■ **PROBLEM TO SOLVE**
Pictures in the listing below are skipped, while the lines from the "Hacker Detected Alert" line through the "Kalhoty AERON WELLEN" line are returned word for word.

■ **RECORD EXCERPTS**
* * * * * * * * *
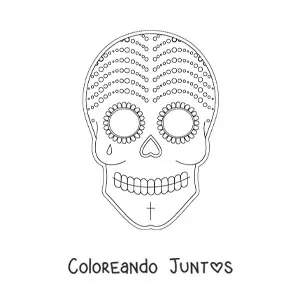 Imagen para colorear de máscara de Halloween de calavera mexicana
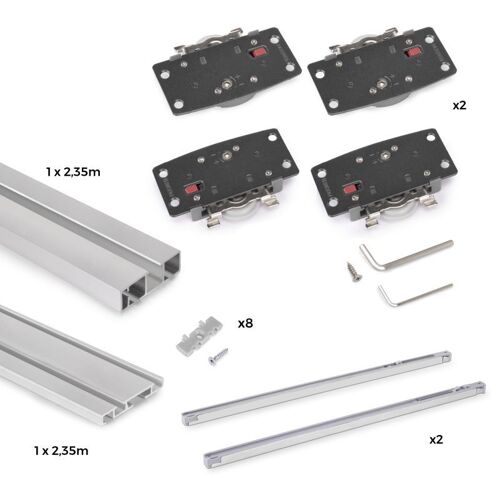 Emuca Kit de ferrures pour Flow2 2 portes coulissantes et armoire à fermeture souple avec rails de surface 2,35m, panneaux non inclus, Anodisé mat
* * * * * * * * *
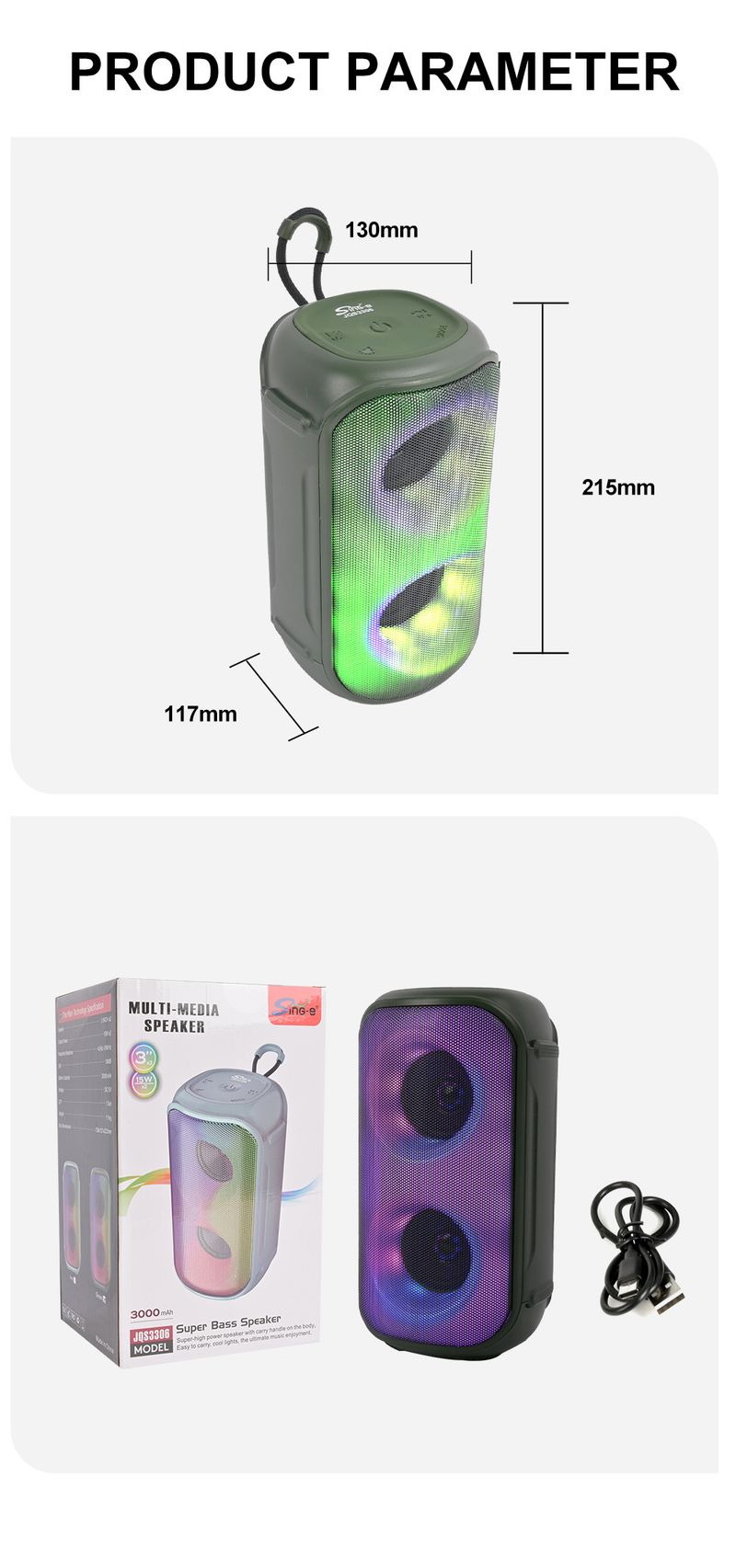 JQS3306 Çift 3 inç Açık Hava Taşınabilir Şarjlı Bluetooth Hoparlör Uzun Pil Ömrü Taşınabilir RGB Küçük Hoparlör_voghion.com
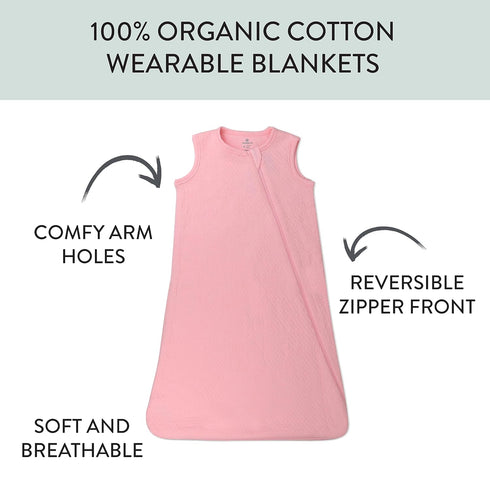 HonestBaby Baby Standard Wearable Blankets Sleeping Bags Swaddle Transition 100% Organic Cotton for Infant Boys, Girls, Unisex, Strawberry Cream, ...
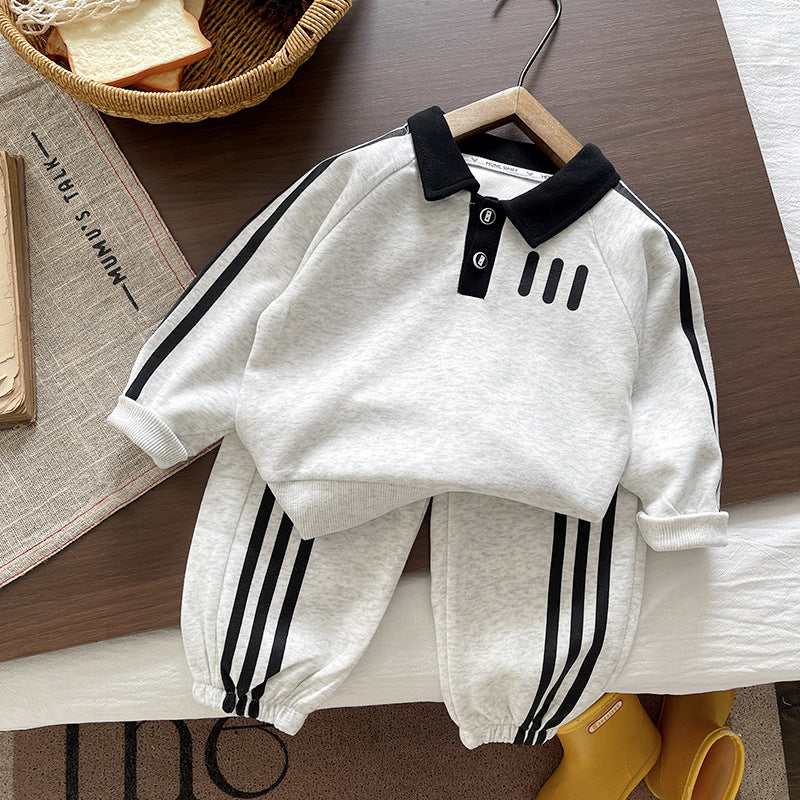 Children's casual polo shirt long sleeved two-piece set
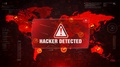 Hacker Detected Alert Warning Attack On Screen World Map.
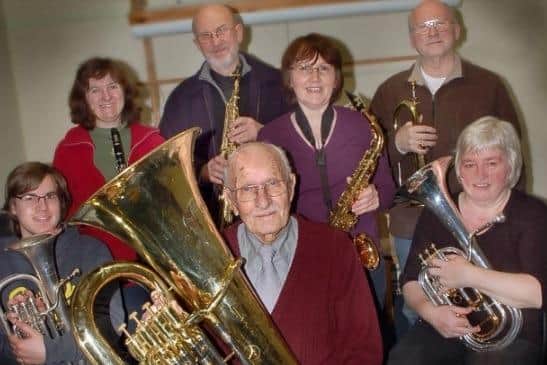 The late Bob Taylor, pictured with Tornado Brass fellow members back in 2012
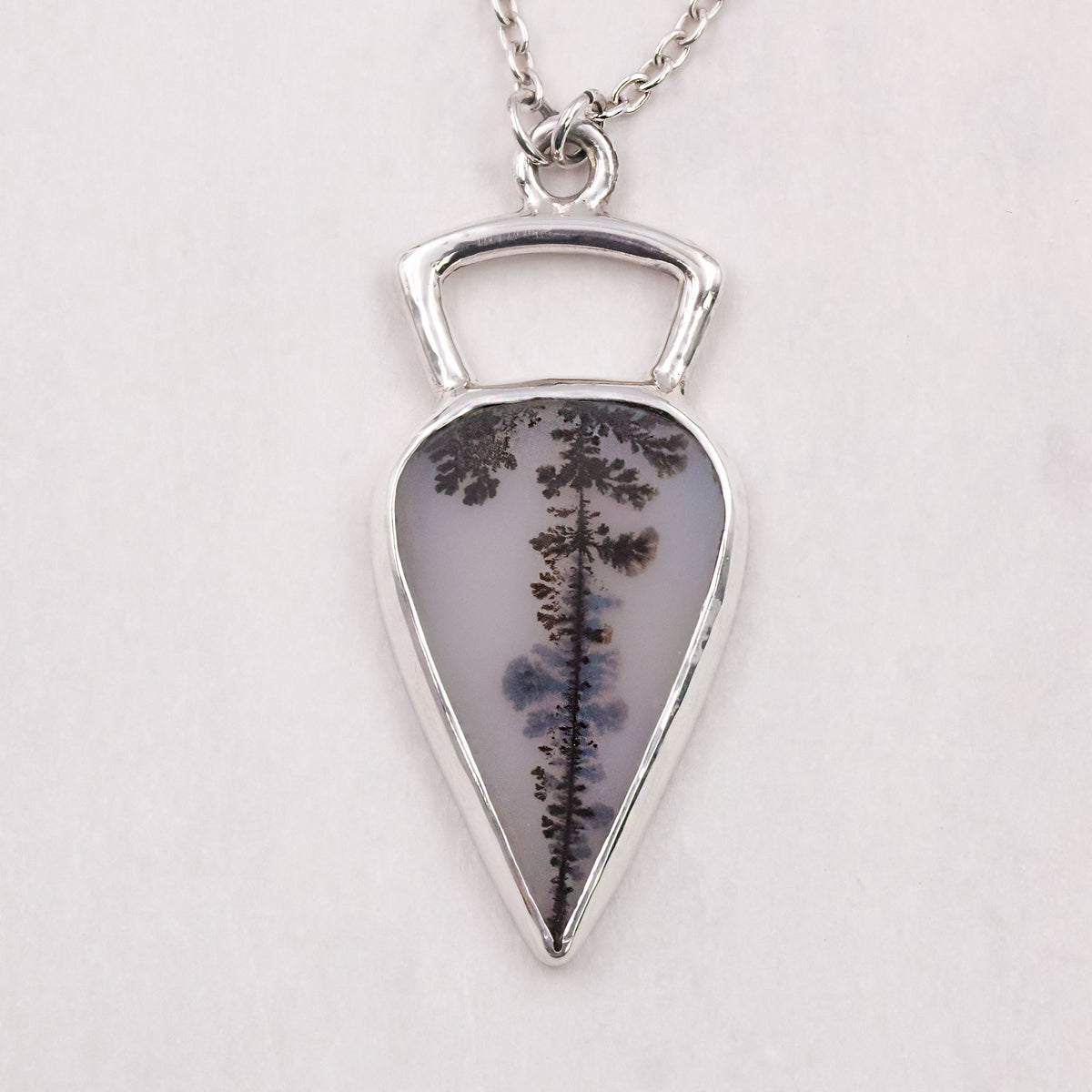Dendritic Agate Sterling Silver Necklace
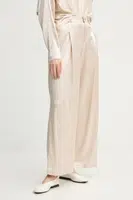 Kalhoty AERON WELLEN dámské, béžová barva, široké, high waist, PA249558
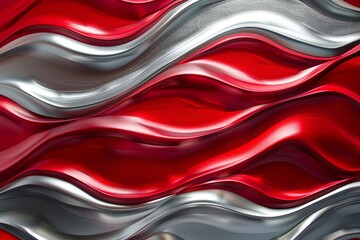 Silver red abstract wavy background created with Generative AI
* * * * * * * * *
■ **REPLY TO THE EXERCISE**
 Hacker Detected Alert Warning Attack On Screen World Map.
 The late Bob Taylor, pictured with Tornado Brass fellow members back in 2012
Dendritic Agate Sterling Silver Necklace
 Kalhoty AERON WELLEN dámské, béžová barva, široké, high waist, PA249558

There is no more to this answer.